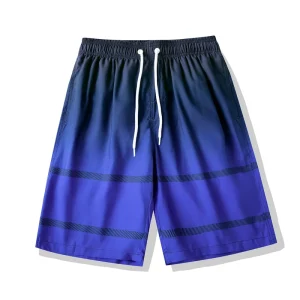Custom Casual Men’s Swimwear Quick Dry Board Shorts Swim Trunk with Mesh Lining Plain Dyed Oxford Fabric Drawstring Closure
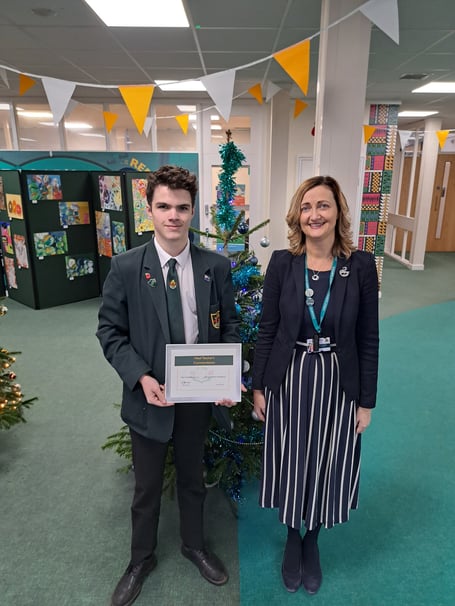 Pupil Jack and headteacher Sarah Holman, Eggar's School, Holybourne, January 29th 2026.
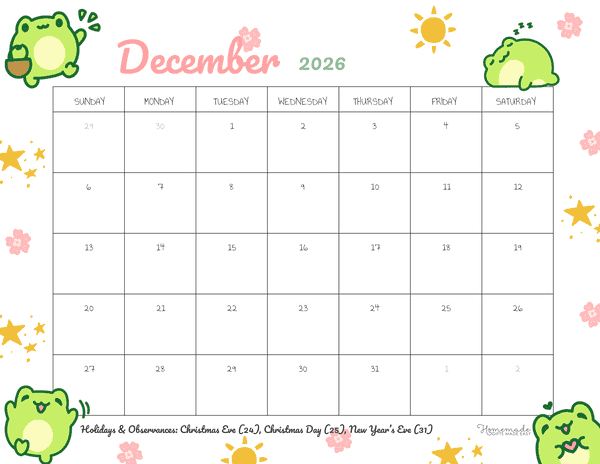 December Calendar 2026 Kawaii Green Frog Illustration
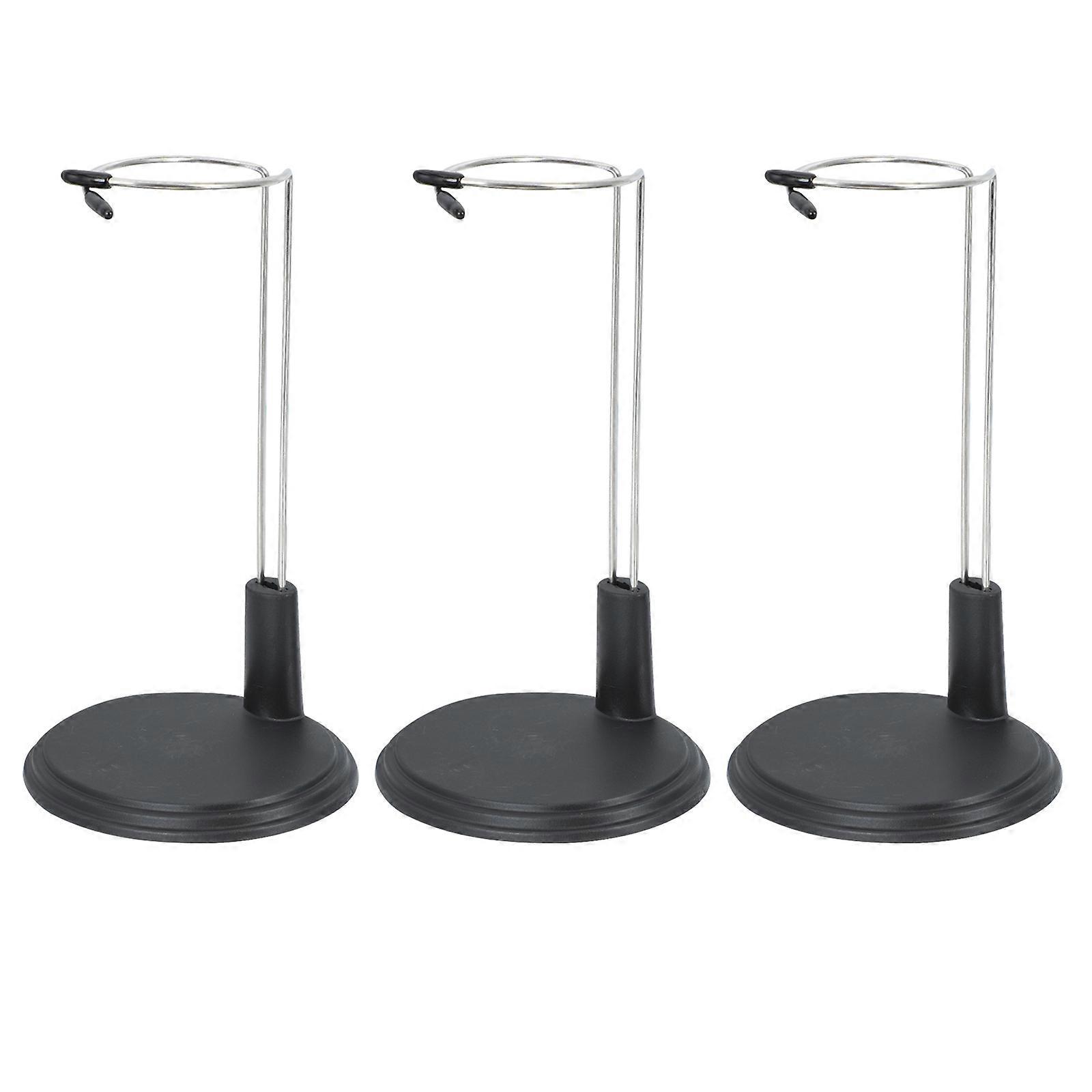 Durable PVC Doll Support Stand for Storage with Stable Round Base and Adjustable Height 3 Pieces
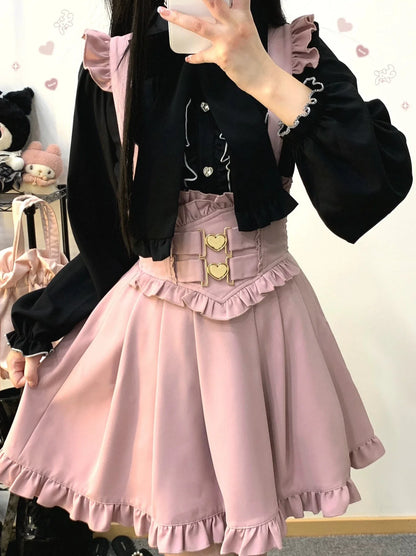 Color Sleep Frill Stand Volume Ribbon Shirt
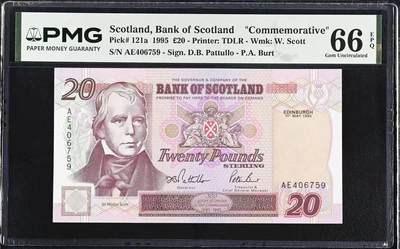 【礼羽收藏】🌏世界钱币拍卖129期 - 1995年苏格兰银行20镑纪念钞，PMG66分，a版首发年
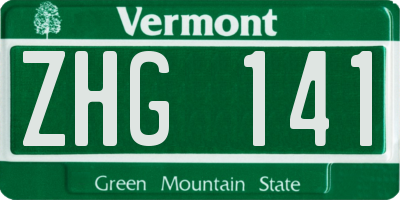 VT license plate ZHG141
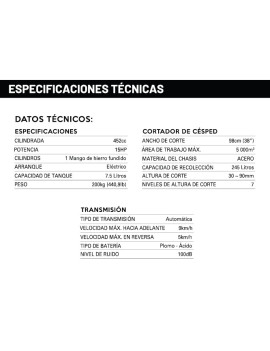 Tractor Cortacesped Otaru 38" gasolina 452cc autopropulsada con recolector ajustable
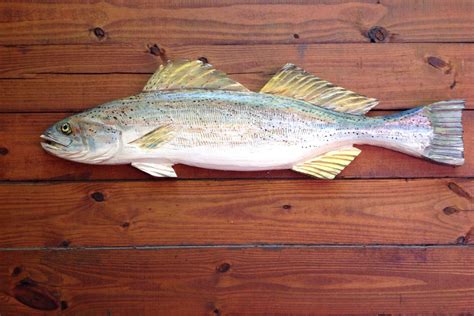 Weakfish 34 Chainsaw Wooden Fish Taxidermy Carving Ocean Fishing Sport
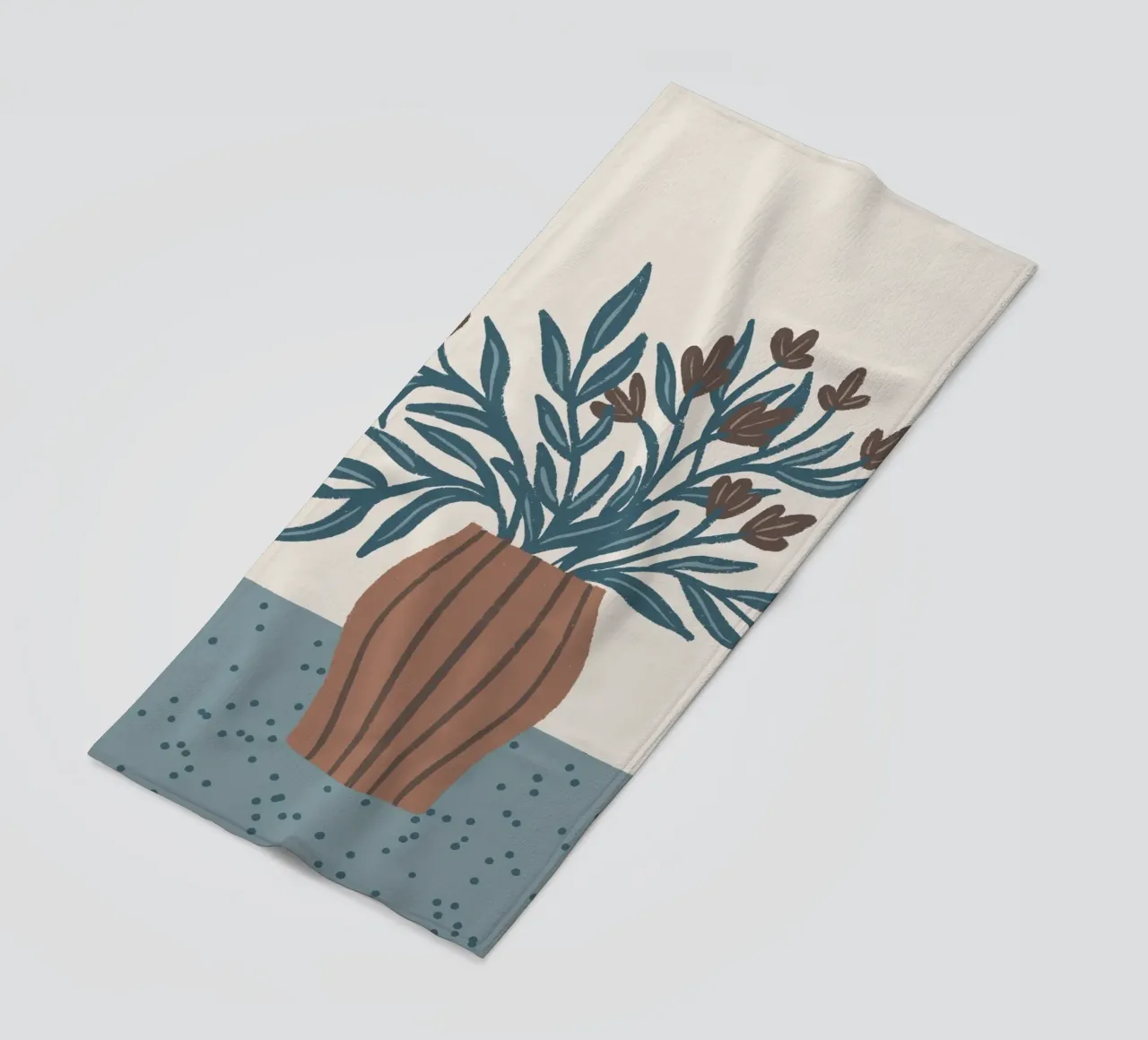 Fiori marroni in un vaso - Natura morta floreale minimalista telo mare da Wackapacka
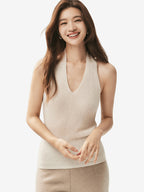 LANLY - Wholesale Cashmere Halter Top Mongolian V-Neck Sleeveless Ribbed Knit Camisole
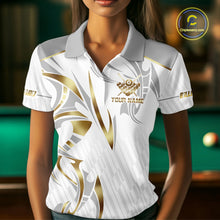 Load image into Gallery viewer, White And Gold Crown 8 Ball Women&#39;s Billiards Shirts Custom Billiard Jersey Team Polo &amp; 1/4 Zip TDM5211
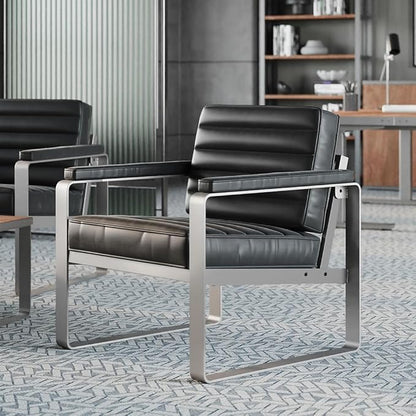 NBF Rivet Office Lounge Chair with Armrest- Ergonomic Office Guest Chairs with Dillon Black Polyurethane - Reception Chairs with Charcoal Metal Frame - Conference Room Chairs (Black, Charcoal)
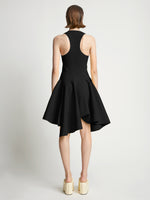 Back image of model wearing Sculpted Knit Dress in black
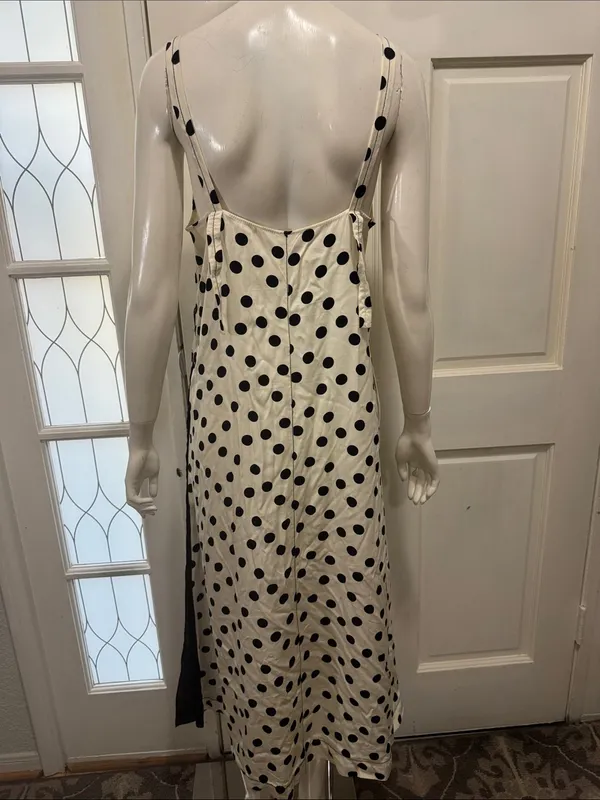 zara cotton polka dot dress limited edition side pocket size medium - Image 12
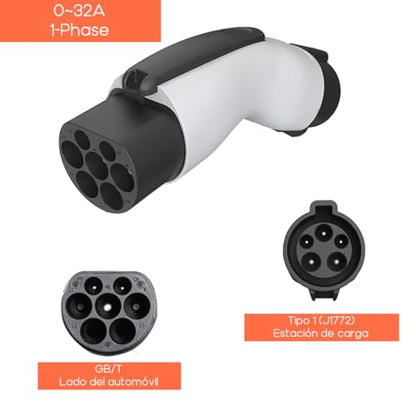 para BYD Adaptador Tipo 1 a GBT (Autos con Conector de China como BYD, JAC), (Type1 J1772 a GBT) Accesorios de Coche eléctrico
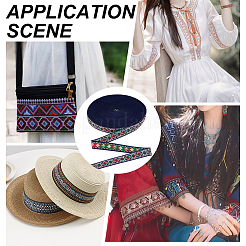 10 ярд жаккардовых лент из полиэстера с ромбами SRIB-WH0011-221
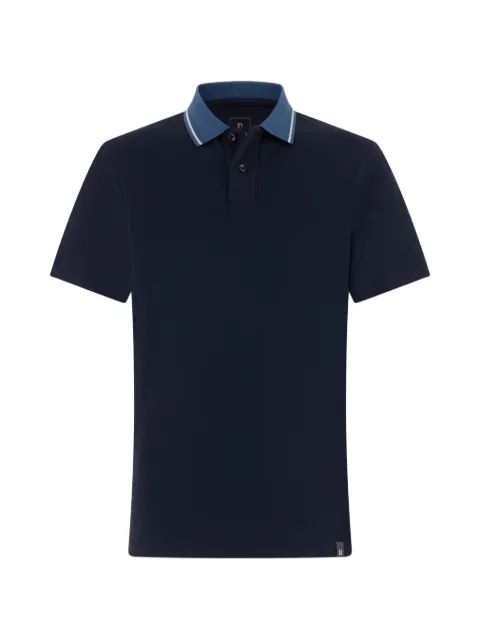 Boggi Milano high-performance piqué polo shirt with S-Cafè® yarn Blue BO26P044501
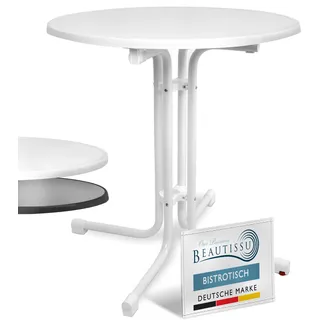 Beautissu Bistrotisch Outdoor Rund Ø 80 cm Wasserfest – Beistelltisch Balkontisch Wetterfest Gartentisch Rund Klappbar 70 cm hoch – Campingtisch Partytisch Esstisch Gastro – Weiß Bistroni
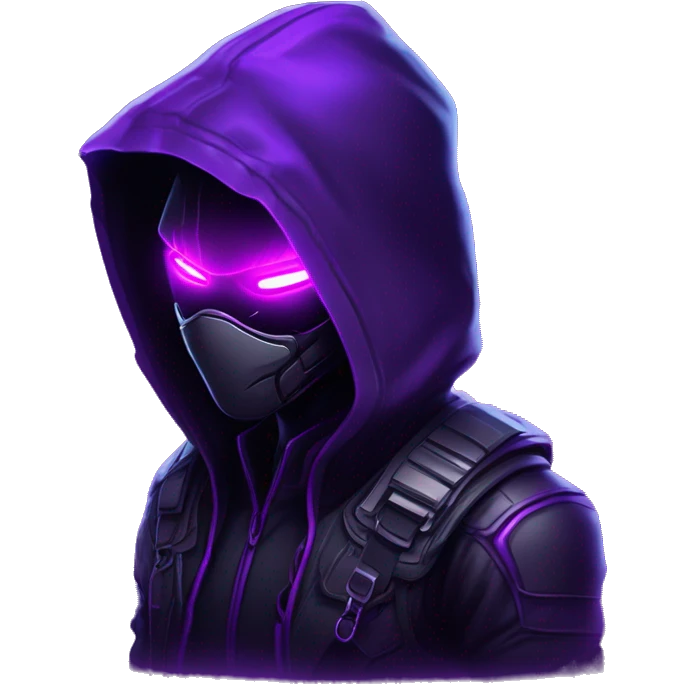 Hacker behind his laptop with this style : crysis Cyberpunk Valorant neon glowing bright purple character purple violet black hooded assassin themed character emoji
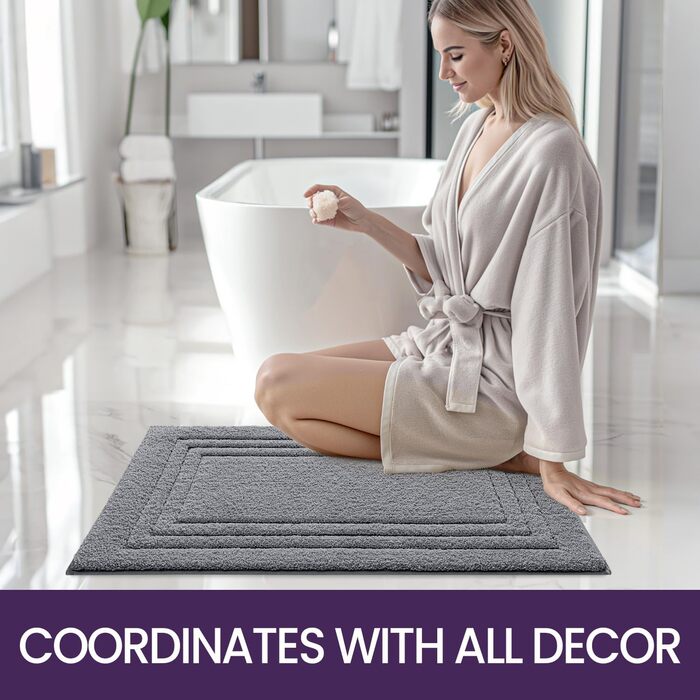 Килимок для ванної кімнати DEXI 60 x 110 см, м'який, нековзний, миючий, сірий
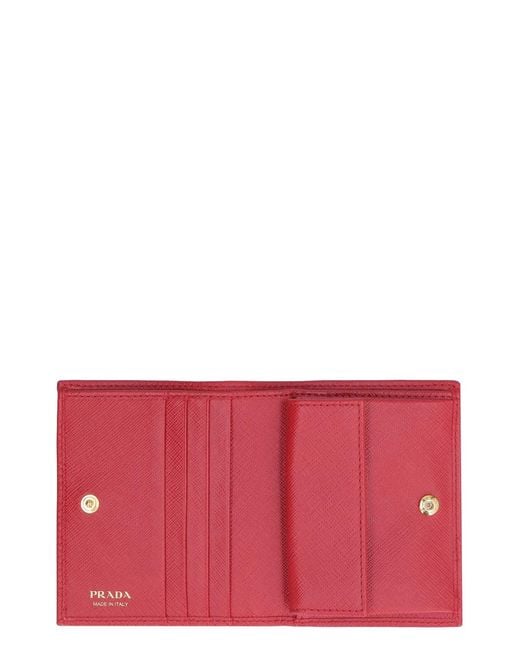 Prada Red Saffiano Leather Wallet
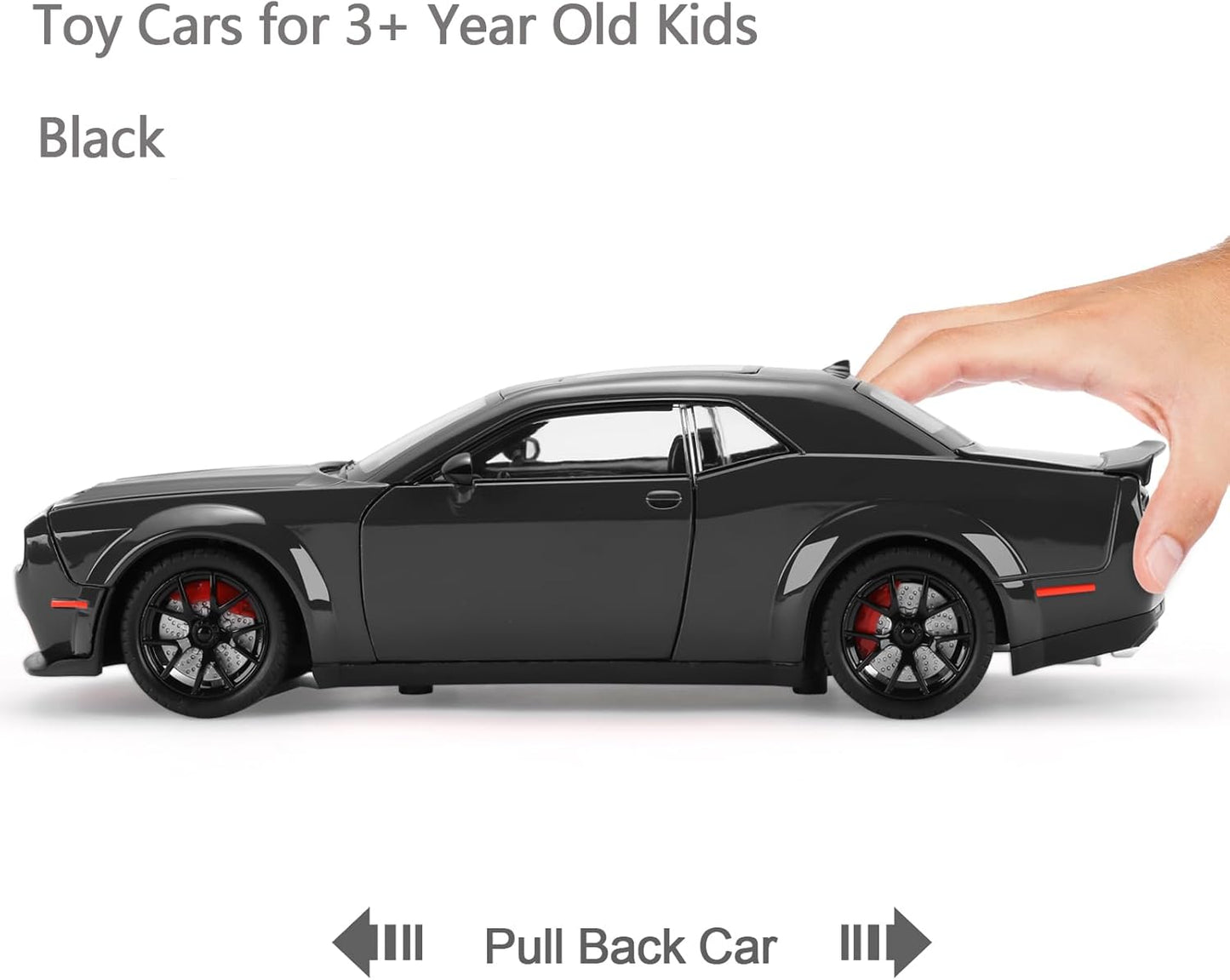 SASBSC Toy Cars for Boys Age 3-12 1:24 Car Toys Diecast Metal Car Model with Light & Sound Collectable Muscle Super Cars for Kids (Black)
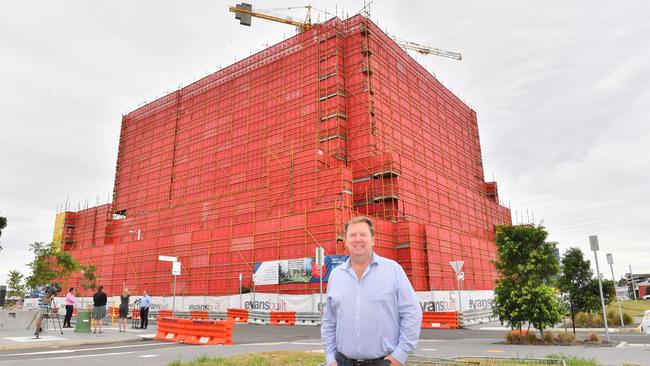 CONSTRUCTION UPDATE: Dirk Long (Evans Long) at Foundation Place construction site in Maroochydore's CBD. Photo: John McCutcheon / Sunshine Coast Daily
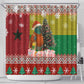 Guinea Bissau Christmas Shower Curtain Santa Penguin Christmas Tree and Snowflake - African Pride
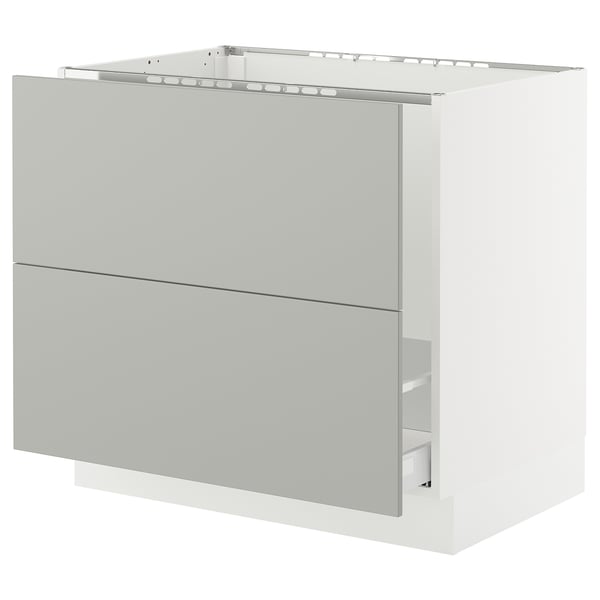 SEKTION / MAXIMERA Gbn bjo freg/clas residuos/2frentes, blanco/Havstorp gris claro, 36x24x30 "
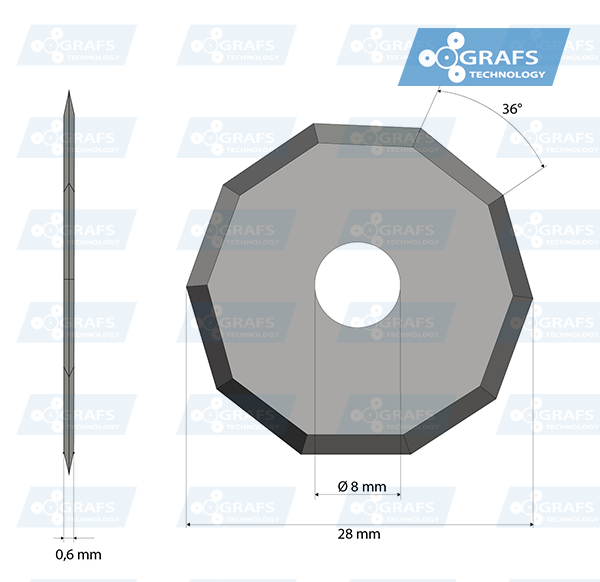 Zünd Z51 Rotationsmesser, zehneckige Klinge, 3910336 – Ersatz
•••
**TRY IT:** What is needed is the whole listing again, exactly as written, with the images left out.

**RESPONSE AREA:**
Custom Casual Men’s Swimwear Quick Dry Board Shorts Swim Trunk with Mesh Lining Plain Dyed Oxford Fabric Drawstring Closure
 Pupil Jack and headteacher Sarah Holman, Eggar's School, Holybourne, January 29th 2026.
 December Calendar 2026 Kawaii Green Frog Illustration
 Durable PVC Doll Support Stand for Storage with Stable Round Base and Adjustable Height 3 Pieces
 Color Sleep Frill Stand Volume Ribbon Shirt
 【礼羽收藏】🌏世界钱币拍卖129期 - 1995年苏格兰银行20镑纪念钞，PMG66分，a版首发年
 VT license plate ZHG141
 Tractor Cortacesped Otaru 38" gasolina 452cc autopropulsada con recolector ajustable
 Weakfish 34 Chainsaw Wooden Fish Taxidermy Carving Ocean Fishing Sport
 Fiori marroni in un vaso - Natura morta floreale minimalista telo mare da Wackapacka
 LANLY - Wholesale Cashmere Halter Top Mongolian V-Neck Sleeveless Ribbed Knit Camisole
 Load image into Gallery viewer, White And Gold Crown 8 Ball Women&#39;s Billiards Shirts Custom Billiard Jersey Team Polo &amp; 1/4 Zip TDM5211
 NBF Rivet Office Lounge Chair with Armrest- Ergonomic Office Guest Chairs with Dillon Black Polyurethane - Reception Chairs with Charcoal Metal Frame - Conference Room Chairs (Black, Charcoal)
 Back image of model wearing Sculpted Knit Dress in black
 zara cotton polka dot dress limited edition side pocket size medium - Image 12
 para BYD Adaptador Tipo 1 a GBT (Autos con Conector de China como BYD, JAC), (Type1 J1772 a GBT) Accesorios de Coche eléctrico
 10 ярд жаккардовых лент из полиэстера с ромбами SRIB-WH0011-221
 Boggi Milano high-performance piqué polo shirt with S-Cafè® yarn Blue BO26P044501
 Beautissu Bistrotisch Outdoor Rund Ø 80 cm Wasserfest – Beistelltisch Balkontisch Wetterfest Gartentisch Rund Klappbar 70 cm hoch – Campingtisch Partytisch Esstisch Gastro – Weiß Bistroni
 Hacker behind his laptop with this style : crysis Cyberpunk Valorant neon glowing bright purple character purple violet black hooded assassin themed character emoji
 Килимок для ванної кімнати DEXI 60 x 110 см, м'який, нековзний, миючий, сірий
 Prada Red Saffiano Leather Wallet
 SASBSC Toy Cars for Boys Age 3-12 1:24 Car Toys Diecast Metal Car Model with Light & Sound Collectable Muscle Super Cars for Kids (Black)
 CONSTRUCTION UPDATE: Dirk Long (Evans Long) at Foundation Place construction site in Maroochydore's CBD. Photo: John McCutcheon / Sunshine Coast Daily
 Guinea Bissau Christmas Shower Curtain Santa Penguin Christmas Tree and Snowflake - African Pride
 SEKTION / MAXIMERA Gbn bjo freg/clas residuos/2frentes, blanco/Havstorp gris claro, 36x24x30 "
 Zünd Z51 Rotationsmesser, zehneckige Klinge, 3910336 – Ersatz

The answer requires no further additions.